Castanes additionally attracted inspiration from things across the beach. Kids playing with beach balls and flying kites motivated colors to be incorporated by him to the outside of the house. “Beach architecture this is generally all gray or all brown. I didn’t want that,” he states.

“You’re constantly talking to the customer, and they are telling you things,” Castanes states. “You find the land, generate thoughts. As an architect, you can wake up at 2 in the morning and think of details of how this matches and that matches. You do not eliminate it. You’re constantly walking into a space and assessing it — a nightclub, a bar — it is everywhere.”

People have to have a lot out of these sketches, so “that you need to be focused,” he states. “They need to be great enough to show to your customer. Sketches are pretty extreme. You’re under the gun, under a charge; you can’t screw around. You’ve got to consider the program, website, fee limitations, time — they are superimportant.”

RUFproject

Pearson used only 11 lines to convey a concept to his clients on Gulf Island in Vancouver. He wanted to demonstrate how the design would consist of a rectangular main living space that appeared to float about the landscape, forming a bridge between a rocky outcrop (the arch) and the decrease guest part of the house (the square).

RUFproject

The 5,600-square-foot house mirrors the first concept drawing; it hovers above the rocky terrain and contains glass walls that catch ocean views. “Drawings and models are tools to take abstract things in thoughts and start to test them,” Pearson says. “You then reevaluate those and show them to the customer. What people see from architects are the distilled, simplified variations of the design process.”

RUFproject

Pearson’s customer was torn between wanting a traditional log cabin and wanting a modern design. Pearson tried mixing these theories by incorporating enormous wooden beams. He worked out how the beams would be configured to form the top section of the house.
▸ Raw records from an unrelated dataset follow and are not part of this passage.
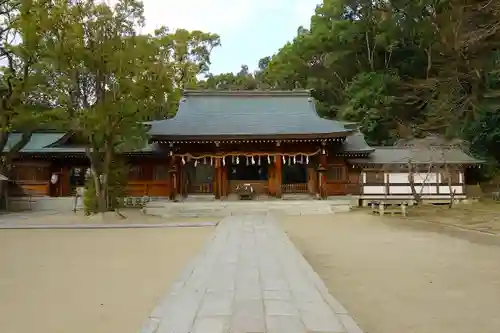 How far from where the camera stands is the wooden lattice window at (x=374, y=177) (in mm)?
23703

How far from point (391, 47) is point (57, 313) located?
120ft

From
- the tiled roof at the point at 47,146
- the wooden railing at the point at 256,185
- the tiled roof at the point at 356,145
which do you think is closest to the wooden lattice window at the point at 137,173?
the tiled roof at the point at 47,146

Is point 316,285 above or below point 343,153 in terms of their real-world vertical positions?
below

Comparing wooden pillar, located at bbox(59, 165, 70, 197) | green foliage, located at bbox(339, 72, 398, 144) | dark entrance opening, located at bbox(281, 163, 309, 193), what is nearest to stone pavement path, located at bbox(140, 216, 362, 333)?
dark entrance opening, located at bbox(281, 163, 309, 193)

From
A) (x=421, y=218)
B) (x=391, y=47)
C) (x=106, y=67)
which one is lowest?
(x=421, y=218)

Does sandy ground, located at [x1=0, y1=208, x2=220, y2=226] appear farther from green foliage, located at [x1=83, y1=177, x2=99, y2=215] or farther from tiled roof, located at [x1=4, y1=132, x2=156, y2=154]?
tiled roof, located at [x1=4, y1=132, x2=156, y2=154]

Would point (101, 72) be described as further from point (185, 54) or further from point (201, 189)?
point (185, 54)

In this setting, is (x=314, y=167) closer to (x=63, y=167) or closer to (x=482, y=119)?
(x=482, y=119)

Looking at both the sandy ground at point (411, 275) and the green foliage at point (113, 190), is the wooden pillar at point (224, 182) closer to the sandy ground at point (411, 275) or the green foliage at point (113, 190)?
the green foliage at point (113, 190)

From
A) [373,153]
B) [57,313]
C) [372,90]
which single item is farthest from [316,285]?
[372,90]

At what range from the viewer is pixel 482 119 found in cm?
2608

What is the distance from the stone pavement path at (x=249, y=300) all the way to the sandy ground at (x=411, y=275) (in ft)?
2.53

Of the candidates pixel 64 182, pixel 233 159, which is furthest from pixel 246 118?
pixel 64 182

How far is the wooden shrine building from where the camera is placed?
22375 mm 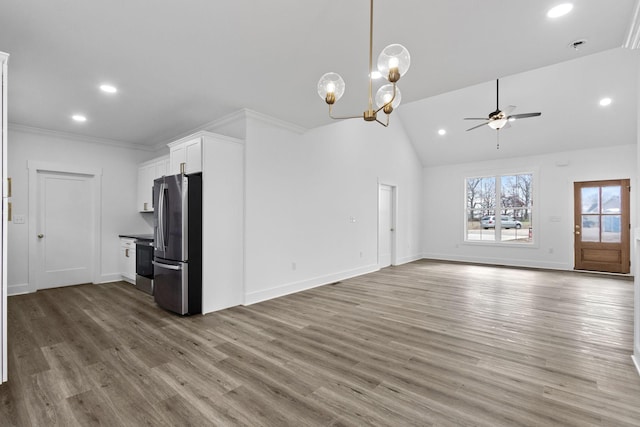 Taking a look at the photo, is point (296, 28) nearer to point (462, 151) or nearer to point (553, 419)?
point (553, 419)

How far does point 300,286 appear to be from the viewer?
5.08 meters

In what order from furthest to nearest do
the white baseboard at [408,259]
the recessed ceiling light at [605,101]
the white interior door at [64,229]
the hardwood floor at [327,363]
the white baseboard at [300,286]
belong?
the white baseboard at [408,259] → the recessed ceiling light at [605,101] → the white interior door at [64,229] → the white baseboard at [300,286] → the hardwood floor at [327,363]

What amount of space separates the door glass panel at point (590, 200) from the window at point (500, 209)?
1.00m

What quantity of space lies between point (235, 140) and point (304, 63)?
1661 mm

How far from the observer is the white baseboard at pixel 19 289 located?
4805 mm

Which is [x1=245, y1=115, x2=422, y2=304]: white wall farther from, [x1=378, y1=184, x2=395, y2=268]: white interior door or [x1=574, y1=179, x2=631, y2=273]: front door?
[x1=574, y1=179, x2=631, y2=273]: front door

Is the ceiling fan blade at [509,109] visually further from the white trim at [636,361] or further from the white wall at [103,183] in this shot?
the white wall at [103,183]

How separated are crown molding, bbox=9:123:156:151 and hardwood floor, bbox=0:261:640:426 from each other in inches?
105

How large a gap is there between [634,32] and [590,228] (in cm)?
632

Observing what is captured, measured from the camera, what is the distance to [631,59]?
499 cm

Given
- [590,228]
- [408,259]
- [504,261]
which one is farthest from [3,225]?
[590,228]

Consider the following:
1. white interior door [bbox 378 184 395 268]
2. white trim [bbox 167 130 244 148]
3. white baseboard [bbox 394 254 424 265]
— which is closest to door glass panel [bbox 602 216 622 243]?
white baseboard [bbox 394 254 424 265]

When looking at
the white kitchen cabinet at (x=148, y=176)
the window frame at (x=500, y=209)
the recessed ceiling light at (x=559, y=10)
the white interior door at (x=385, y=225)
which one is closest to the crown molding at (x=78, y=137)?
the white kitchen cabinet at (x=148, y=176)

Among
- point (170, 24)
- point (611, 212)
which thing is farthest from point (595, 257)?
point (170, 24) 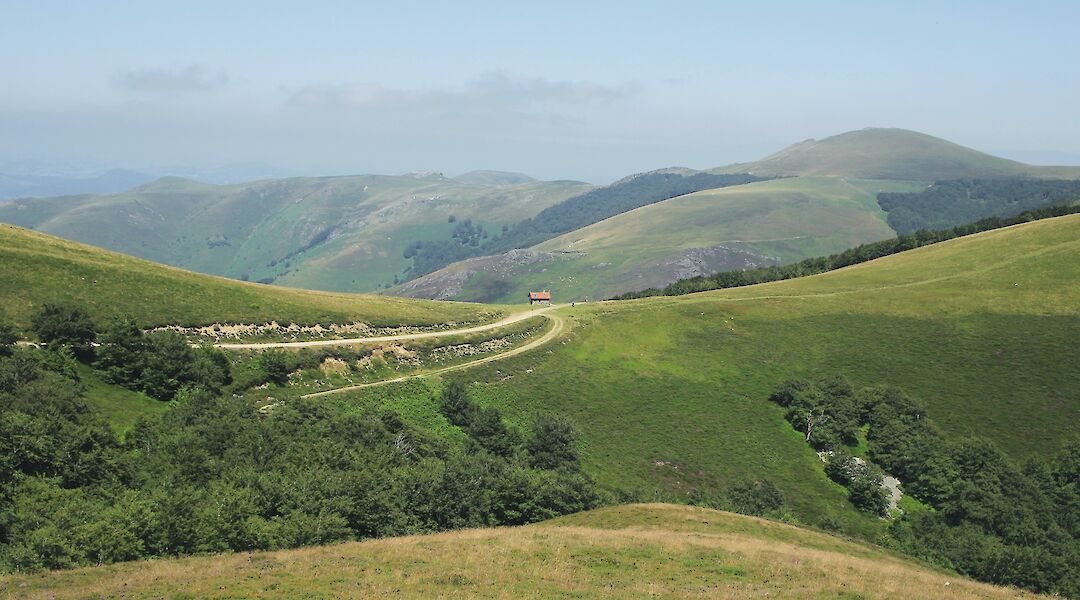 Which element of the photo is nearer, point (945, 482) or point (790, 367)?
point (945, 482)

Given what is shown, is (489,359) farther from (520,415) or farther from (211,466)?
(211,466)

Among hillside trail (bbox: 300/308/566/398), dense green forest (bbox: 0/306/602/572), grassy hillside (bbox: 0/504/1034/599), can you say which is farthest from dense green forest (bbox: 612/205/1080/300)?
grassy hillside (bbox: 0/504/1034/599)

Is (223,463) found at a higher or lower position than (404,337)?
lower

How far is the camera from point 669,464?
76.6m

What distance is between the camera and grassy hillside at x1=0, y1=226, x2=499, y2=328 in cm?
7219

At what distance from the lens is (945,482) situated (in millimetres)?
76125

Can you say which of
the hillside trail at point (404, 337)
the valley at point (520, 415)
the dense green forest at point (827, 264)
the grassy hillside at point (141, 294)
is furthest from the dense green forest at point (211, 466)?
the dense green forest at point (827, 264)

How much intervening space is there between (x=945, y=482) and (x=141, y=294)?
325 feet

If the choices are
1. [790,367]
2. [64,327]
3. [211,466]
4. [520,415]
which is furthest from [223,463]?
[790,367]

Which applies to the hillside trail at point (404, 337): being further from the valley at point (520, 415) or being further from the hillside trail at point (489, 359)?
the hillside trail at point (489, 359)

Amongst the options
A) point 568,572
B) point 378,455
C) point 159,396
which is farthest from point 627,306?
point 568,572

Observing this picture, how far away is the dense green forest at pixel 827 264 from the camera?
151375mm

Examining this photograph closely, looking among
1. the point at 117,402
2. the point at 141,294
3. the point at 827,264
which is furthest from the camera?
the point at 827,264

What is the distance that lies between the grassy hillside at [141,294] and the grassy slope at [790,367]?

Because each of the materials would need to send to the website via ferry, Pearson had to design the home approximately 108-foot-long beams, the maximum allowed to a ferry.

RUFproject

Alaskan yellow cedar beams lend log cabin style to the final design. “The job of an architect is quite complex,” Pearson says. “You have to be cost conscious; comprehend construction, materials, design; and combine all that into something you really can build. There’s contracts and structures around a project. Then you need to balance the criteria of what a customer needs, the website, the regulations — you need to solve that mystery.”

Thinking up the first sketch, Pearson says, can take a week to 3 weeks.

Caleb Johnson Architects + Builders

Architect Caleb Johnson sees sketches as a means to help promote his idea and let the customer know what he or she’s getting into — even if this customer is his wife. Johnson used his artistic skills to demonstrate his wife the design he intended to build to their new house in Portland, Maine.

Caleb Johnson Architects + Builders

“She must agree with what I am going to build,” he states. For this project he made a drawing drawing on the computer, then printed out that and used tracing paper to include more detail. “It is absolute simplicity and getting down to the bare essentials,” he states.

Architects: Please show us a favorite preliminary sketch!